Proxmox VM Creation using Terraform and Gitlab Pipelines
Proxmox VM Creation using Terraform and GitLab Pipelines
Overview
This documentation describes how to build and manage virtual machines (VMs) on a Proxmox Virtual Environment (PVE) cluster using Terraform and GitLab CI/CD pipelines. The goal is to provide a reusable, cloud-agnostic, and environment-independent approach suitable for organizations who want to automate VM provisioning and lifecycle management.
This guide explains:
- The key concepts behind Terraform-based VM automation
- The goal and architecture of a GitOps-style workflow
- How to structure your Terraform project
- How to run and automate provisioning using GitLab pipelines
- How to adapt the solution to your own infrastructure
Goals
The solution aims to:
- Provide Infrastructure-as-Code (IaC) for consistent, repeatable Proxmox VM creation.

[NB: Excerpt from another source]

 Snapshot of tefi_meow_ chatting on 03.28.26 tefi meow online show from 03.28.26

- Enable GitOps workflows, where all VM configurations live in git and are changed via merge requests.
- Support environment-independent reuse, allowing teams to manage Proxmox VMs in test, staging, or production environments.
- Automate cloud-init based VM provisioning using Proxmox templates.

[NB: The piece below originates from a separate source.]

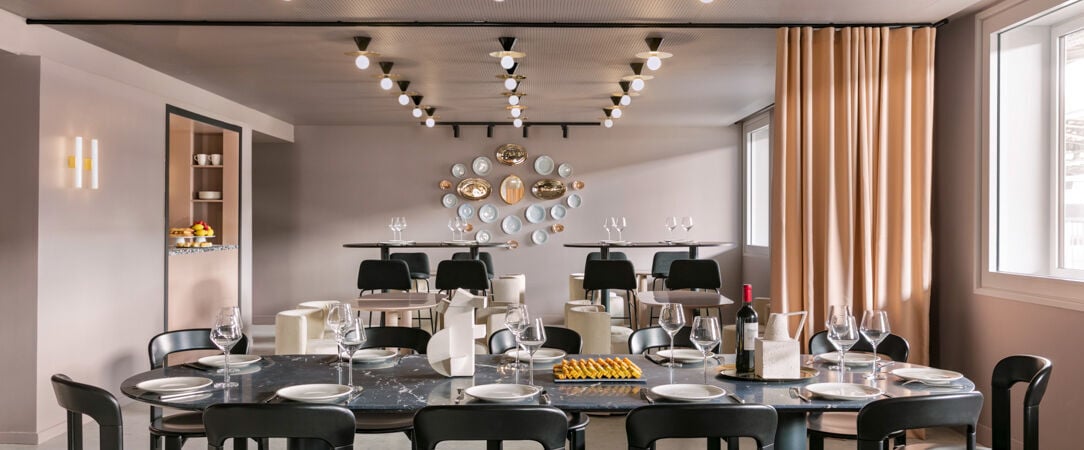 OKKO Hotels Paris Gare de l'Est ★★★★ - Un hôtel de quartier dans le 10ème, où le confort 4 étoiles se vit sans façon. - Paris, France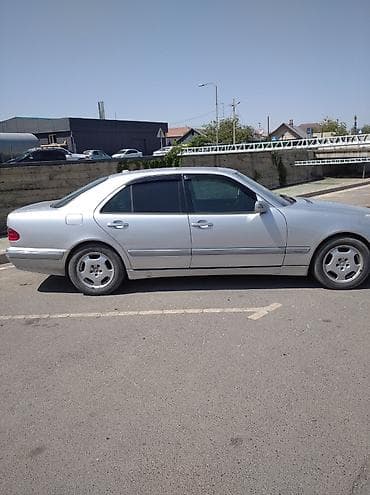 bmw э34: Mercedes-Benz C-Class: 2003 г., 2.7 л, Автомат, Дизель, Седан — 9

- Use GitLab CI/CD to plan, review, and apply changes with auditability and access control.
Key Concepts
1. Proxmox Provider for Terraform
The Terraform provider (commonly Telmate/proxmox) communicates with the PVE API using an API token. Terraform can then create, update, or destroy VMs.
2. Cloud-Init Templates
VMs are provisioned by cloning from a cloud-init enabled template. This ensures:
- Automated initial user creation
- SSH key injection
- Network configuration
- Custom startup scripts
3. Remote State Backend
Storing Terraform state in a GitLab HTTP backend ensures:
4. GitOps Workflow
Using GitLab pipelines adds structure:
- Create MR → Run validation → Review plan → Apply after approval
- Automated, controlled infrastructure changes
Architecture
Local Machine / GitLab Runner
|
| Terraform Commands
v
GitLab CI/CD Pipeline
|
| uses HTTP Remote State
v
GitLab Terraform State Storage
|
| PVE API Calls
v
Proxmox Cluster → Clone cloud-init template → Provision VM → Configure network/user
Components
- Terraform project: Holds the VM definitions, provider config, variables, and modules.
- Cloud-init VM template: Pre-created in Proxmox, used as master image.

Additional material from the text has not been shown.